Dava dışı … … Ltd. Şti.’nin 23/02/2014 tarihli genel kurul kararı ile şirketin tasfiyesine ve davalının tasfiye memuru olarak atanmasına karar verildiği, 23/03/2015 tarihli genel kurulda da tasfiye kapanışının yapıldığı ve şirketin sicil kaydının silindiği, dava dışı şirketin borca batık olduğu, dava konusu miktarın karşılar aktifininin bulunmadığı, şirketin mali yapısını bu karşılığı ayırmaya yeterli olmadığı anlaşılmakla davalının dava konusu miktarın tamamından sorumlu tutulmasının mümkün değildir.
Bununla birlikte, mahkemece alınan bilirkişi kök ve ek raporlarında tespit edildiği üzere tasfiye girişinde sunulan bilançoya göre dava dışı şirketin aktif toplamının 3.301,02 TL olup, söz konusu aktiflerden 301,02 TL’sinin dava dışı şirketin vergi ve fonlardan kaynaklanan borçlarının, 3.000,00 TL’sinin ise ortaklara olan borçların ödenmesinde kullanıldığı ve tasfiye kapanışının bu şekilde gerçekleştiği anlaşılmaktadır. Bu durumda aynı zamanda dava dışı şirketin tek ortağı, yetkilisi ve tasfiye memuru olan davalının, şirketin tüm borçlarını dağıttıktan sonra kalan miktar var ise, şirketten olan alacağını alması gerekirken ortaklara borçlar hesabından kendi alacağını tahsil etmesi TTK’nun ve MK’nun 2.maddesine aykırı olduğundan kendisine aldığı 3.000,00 TL nedeniyle davacıya karşı sorumlu olduğu kanaatine varılmakla bu miktar yönünden davacı vekilinin istinaf başvurusunun kabulüne karar vermek gerekmiştir.
Tüm bu nedenlerle davacı vekili istinaf başvurusunun kabulü ile ilk derece mahkemesi kararının kaldırılmasına ve davanın kısmen kabulüne karar vermek gerekmiş ve takdiren aşağıdaki şekilde hüküm kurulmuştur.

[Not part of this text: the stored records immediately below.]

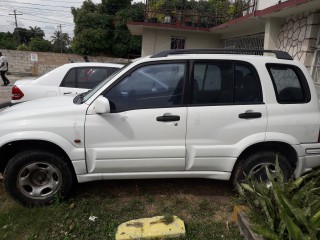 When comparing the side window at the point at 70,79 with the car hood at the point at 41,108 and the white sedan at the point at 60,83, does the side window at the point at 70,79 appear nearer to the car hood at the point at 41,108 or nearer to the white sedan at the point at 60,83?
the white sedan at the point at 60,83

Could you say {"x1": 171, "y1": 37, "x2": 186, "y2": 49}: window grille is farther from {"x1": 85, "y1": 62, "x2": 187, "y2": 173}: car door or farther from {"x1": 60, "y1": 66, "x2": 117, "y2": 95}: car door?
{"x1": 85, "y1": 62, "x2": 187, "y2": 173}: car door

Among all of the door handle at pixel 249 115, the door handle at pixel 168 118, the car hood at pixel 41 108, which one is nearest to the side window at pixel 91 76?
the car hood at pixel 41 108

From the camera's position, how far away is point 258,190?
120 inches

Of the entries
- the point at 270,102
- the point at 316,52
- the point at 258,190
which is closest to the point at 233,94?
the point at 270,102

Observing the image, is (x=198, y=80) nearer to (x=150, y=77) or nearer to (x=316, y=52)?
(x=150, y=77)

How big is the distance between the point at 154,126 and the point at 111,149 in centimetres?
55

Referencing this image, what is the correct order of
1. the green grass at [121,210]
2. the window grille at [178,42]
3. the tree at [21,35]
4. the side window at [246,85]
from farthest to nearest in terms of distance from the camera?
the tree at [21,35] → the window grille at [178,42] → the side window at [246,85] → the green grass at [121,210]

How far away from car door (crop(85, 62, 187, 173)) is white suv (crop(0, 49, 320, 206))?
1cm

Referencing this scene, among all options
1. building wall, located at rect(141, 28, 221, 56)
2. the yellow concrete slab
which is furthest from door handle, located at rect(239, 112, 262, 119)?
building wall, located at rect(141, 28, 221, 56)

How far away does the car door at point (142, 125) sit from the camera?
10.8 ft

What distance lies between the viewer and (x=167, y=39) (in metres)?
14.8

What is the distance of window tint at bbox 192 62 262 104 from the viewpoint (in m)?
3.47

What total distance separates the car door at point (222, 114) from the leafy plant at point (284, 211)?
48 centimetres

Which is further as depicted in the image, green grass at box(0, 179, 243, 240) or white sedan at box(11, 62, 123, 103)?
white sedan at box(11, 62, 123, 103) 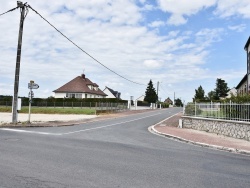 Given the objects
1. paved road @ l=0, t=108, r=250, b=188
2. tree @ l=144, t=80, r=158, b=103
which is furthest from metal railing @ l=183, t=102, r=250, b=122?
tree @ l=144, t=80, r=158, b=103

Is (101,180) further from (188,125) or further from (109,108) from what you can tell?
(109,108)

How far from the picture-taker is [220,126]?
16625 mm

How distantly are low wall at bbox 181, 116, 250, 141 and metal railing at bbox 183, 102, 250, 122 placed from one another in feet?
0.94

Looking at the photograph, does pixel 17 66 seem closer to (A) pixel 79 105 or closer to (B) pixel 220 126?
(B) pixel 220 126

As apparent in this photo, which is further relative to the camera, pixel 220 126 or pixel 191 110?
pixel 191 110

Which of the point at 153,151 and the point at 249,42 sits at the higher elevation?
the point at 249,42

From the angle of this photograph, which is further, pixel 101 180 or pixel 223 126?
pixel 223 126

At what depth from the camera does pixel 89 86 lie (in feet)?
268

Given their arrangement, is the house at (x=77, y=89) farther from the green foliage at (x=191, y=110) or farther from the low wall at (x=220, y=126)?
the low wall at (x=220, y=126)

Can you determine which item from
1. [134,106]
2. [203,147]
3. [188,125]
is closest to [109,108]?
[134,106]

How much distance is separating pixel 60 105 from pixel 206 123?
4353 cm

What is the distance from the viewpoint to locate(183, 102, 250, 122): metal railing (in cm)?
1494

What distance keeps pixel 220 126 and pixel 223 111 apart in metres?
0.87

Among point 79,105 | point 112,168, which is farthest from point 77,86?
point 112,168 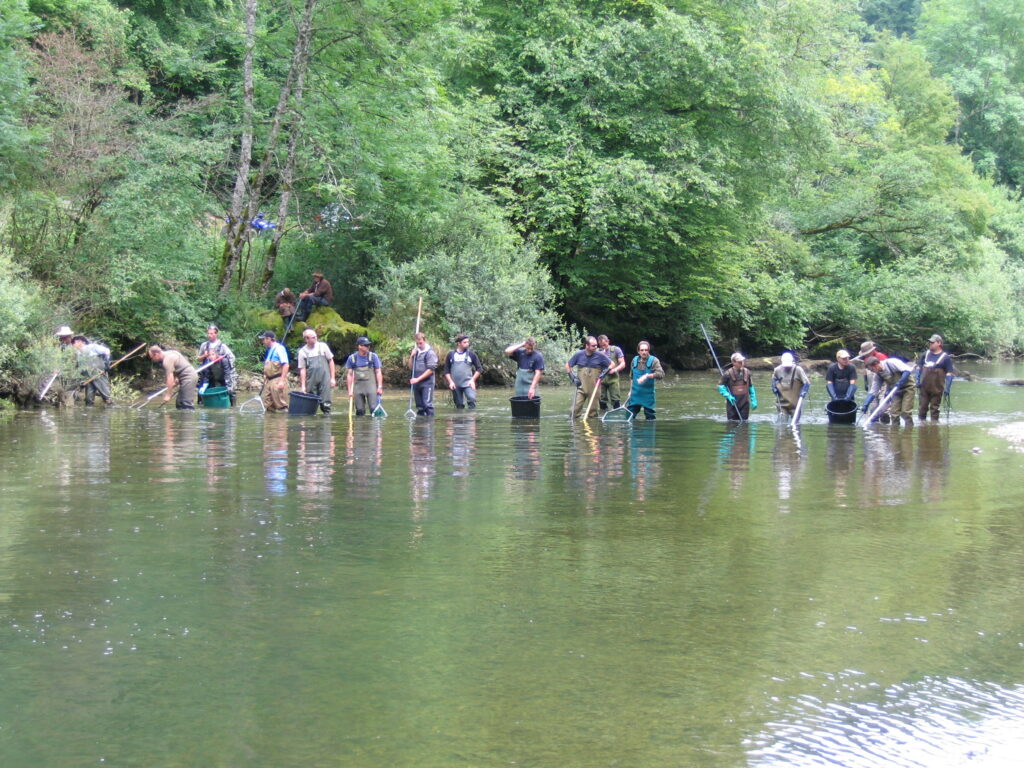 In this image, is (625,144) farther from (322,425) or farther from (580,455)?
(580,455)

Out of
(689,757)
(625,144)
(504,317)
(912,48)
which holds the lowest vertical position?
(689,757)

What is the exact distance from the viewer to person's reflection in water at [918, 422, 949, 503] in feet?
41.8

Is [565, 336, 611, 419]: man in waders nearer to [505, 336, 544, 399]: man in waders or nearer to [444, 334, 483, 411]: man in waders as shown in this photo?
[505, 336, 544, 399]: man in waders

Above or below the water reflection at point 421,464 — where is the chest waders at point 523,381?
above

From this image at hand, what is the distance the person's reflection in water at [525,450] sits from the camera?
14071mm

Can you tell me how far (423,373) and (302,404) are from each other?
2282 millimetres

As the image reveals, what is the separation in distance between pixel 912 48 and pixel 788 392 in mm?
44501

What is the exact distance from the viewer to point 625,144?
37469 millimetres

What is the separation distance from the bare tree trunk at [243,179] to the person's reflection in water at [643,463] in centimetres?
1587

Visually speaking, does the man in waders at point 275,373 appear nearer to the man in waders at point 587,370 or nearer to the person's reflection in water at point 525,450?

HÜKÜM: Yukarıda Açıklanan Nedenlerle;
A)1-Davacı vekilinin istinaf başvurusunun kabulüne, Ankara 6. Asliye Ticaret Mahkemesinin 11/03/2020 gün 2017/877 Esas 2020/193 Karar sayılı kararının KALDIRILMASINA,
2-Davanın KISMEN KABULÜNE,
3.000,00 TL’nin dava tarihi olan 25/12/2017 tarihinden itibaren işleyecek yasal faizi ile birlikte davalıdan tahsili ile davacıya verilmesine,
3- Fazlaya ilişkin istemin reddine,
4-Alınması gerekli 204,93 TL harcın davalıdan alınarak hazineye gelir kaydedilmesine,
6-Davacı tarafından yapılan 146,50 TL posta gideri ile 900,00 TL bilirkişi gideri olmak üzere toplam 1.046,50 TL yargılama giderinin kabul ve reddi oranı gözetilerek 13,88 TL’nin davalıdan alınarak davacıya verilmesine, fazlaya ilişkin kısmın davacı üzerinde bırakılmasına,
8-Davacı davada kendisini vekil ile temsil ettirdiğinden istinaf karar tarihinde yürürlükte olan A.A.Ü.T gereğince hesap edilen 5.100,00 TL ücreti vekaletin davalıdan alınarak davacıya verilmesine,
9-Davalı davada kendisini vekil ile temsil ettirdiğinden istinaf karar tarihinde yürürlükte olan A.A.Ü.T gereğince hesap edilen 5.100,00 TL ücreti vekaletin davacıdan alınarak davalıya verilmesine,
10-Davalı tarafından yargılama gideri yapılmadığından bu hususta karar verilmesine yer olmadığına,
11-Kullanılmayan gider avansının karar kesinleştiğinde yatırına iadesine,
C)1-Davacı kurum harçtan muaf olduğundan bu hususta karar verilmesine yer olmadığına,
2-Davacı tarafından 32,50 TL posta masrafının davalıdan alınarak davacıya verilmesine,
3-İstinaf incelemesi sırasında duruşma açılmadığından taraflar yararına vekalet ücreti takdirine yer olmadığına,
Dosya üzerinde yapılan inceleme sonucunda uyuşmazlık konusu miktar dikkate alındığında davalı yönünden HMK’nın 362. maddesi gereğince kesin, davacı yönünden HMK’nın 361. maddesi uyarınca gerekçeli kararın tebliğinden itibaren iki haftalık süre içerisinde Yargıtay’da temyiz kanun yolu açık olmak üzere olmak üzere, tarafların yokluğunda oy birliği ile karar verildi. 18/05/2022

Başkan- … Üye – … Üye – … Zabıt Katibi -…

Bu belge 5070 sayılı Elektronik İmza Kanunu hükümlerine göre UYAP sistemi üzerinden elektronik imza ile imzalanmıştır.